数十分後、ロビーに戻ると先生が手招きして俺を呼んだ。
「おいで」
「来てます」
「もっと」
「…………」
目の前に立ったら腕を引き寄せられた。先生の視線をたどると、足元はモザイクタイル。
「ハートだ」
「うん」
汚れてまっ茶色。しかもところどころ割れたり取れたりしている。

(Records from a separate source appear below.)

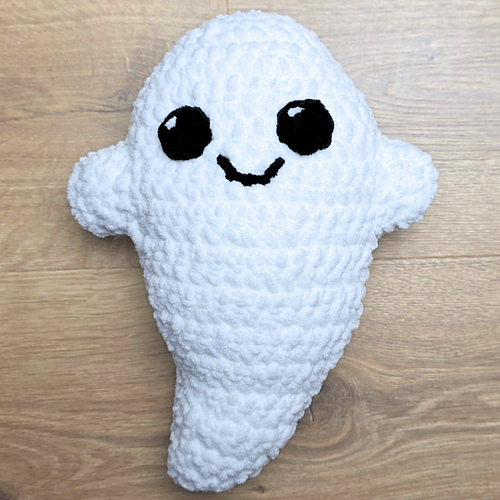 Boo the Ghost Softie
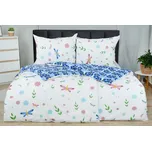 Krepové povlečení PLUS ANEMA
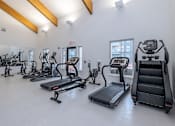 Thumbnail 4 of 15 - the gym at the monarch luxury apartments in des moinesaz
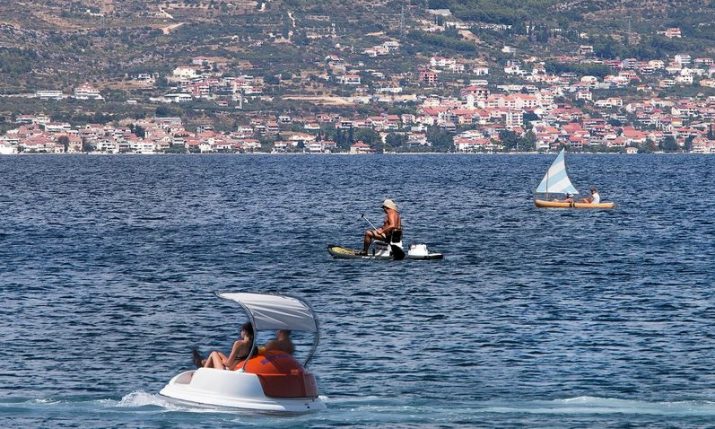 Croatia crowned 11th best place in the world for an active-holiday 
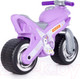 Миниатюра изображения товара Каталка детская Полесье Мотоцикл МХ / 09187 (сиреневый)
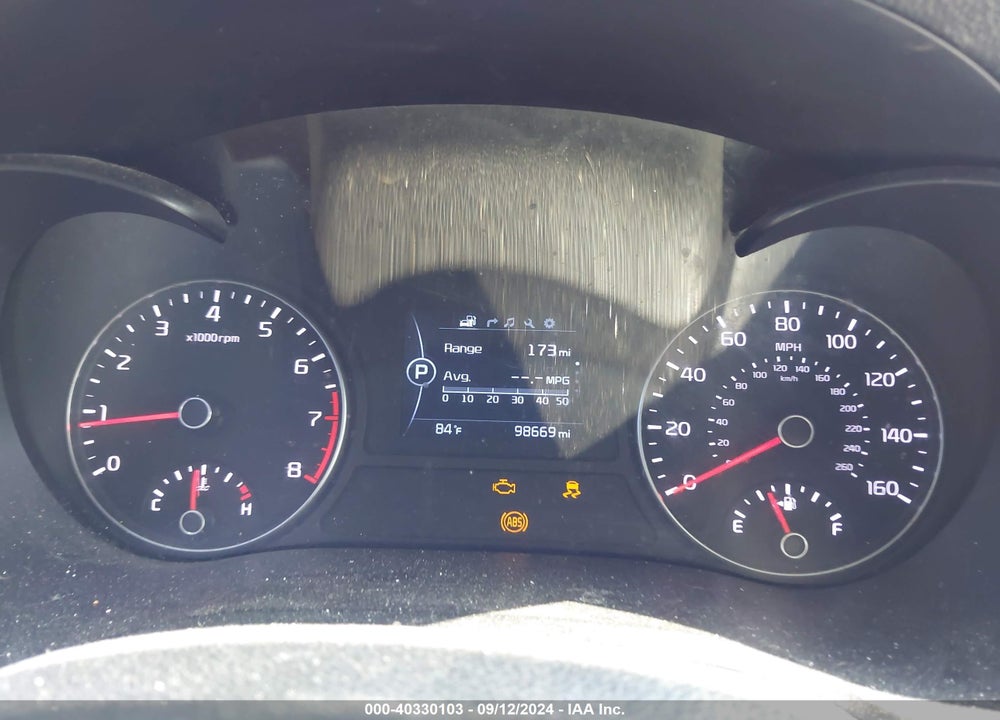 2016 KIA OPTIMA EX VIN: 5XXGU4L30GG058327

かつては白い床にピンクのタイルでハートが描かれていたんだろうか。そんなことを想像する。
「ジンクスがあってね、」
先生の息が髪にかかる。このハートのなかでキスしたら二人は永遠に結ばれるのだそうだ。名前を書いて南京錠をつけるだの、どこかの何かを背景に写真を撮るだの、よくある話。女が喜びそうなお話。
「はぁ。……それで」
「試してみようか」
「え、」
髪を撫でられたかと思えば先生の唇が近づいた。
そしてそのまま、触れずに離れた。
あのときと同じように。
「…………しねーのかよ」
「うん」
「……なんで」
「…………なんで?」
疑問を疑問で返される。本当に不思議そうな顔をするから間違ってるのは全部俺なんじゃないかと思ってしまうほど。純粋な瞳。
「……君だってしたいわけじゃないでしょう?」
わからない。したらおかしいとは理解している。どう考えても変なのは分かってる。それなのに今俺に触れるこの手を振り払うことも出来ない。好きとか愛とかじゃない。怒りと怯えのないまぜになった得体の知れない感情。
「……僕も聞きたいよ。どうして君、無抵抗なの」
「…………あんたが何してーのか、わかんねーんだもん」
「……………………」
先生は答えずに俺の首筋に触れた。まるでそこに答えがあるみたいだ。そのまま力を加えれば俺は息が出来なくなるだろう。けれど、その手つきはまるで名画に触れるように優しく、どこかたどたどしく、俺は抵抗しないどころか望んで首を差し出す。触れてほしい。そんな話をどこかで読んだ気がする。まるで口づけを待つ乙女の仕草。そのあと女は男に喉元を切り裂かれて死ぬんじゃなかったか。
ああ、そうか。
この感情は。
「…………からかってるだけだよ」
先生は何かを諦めた瞳で、嘘をついた。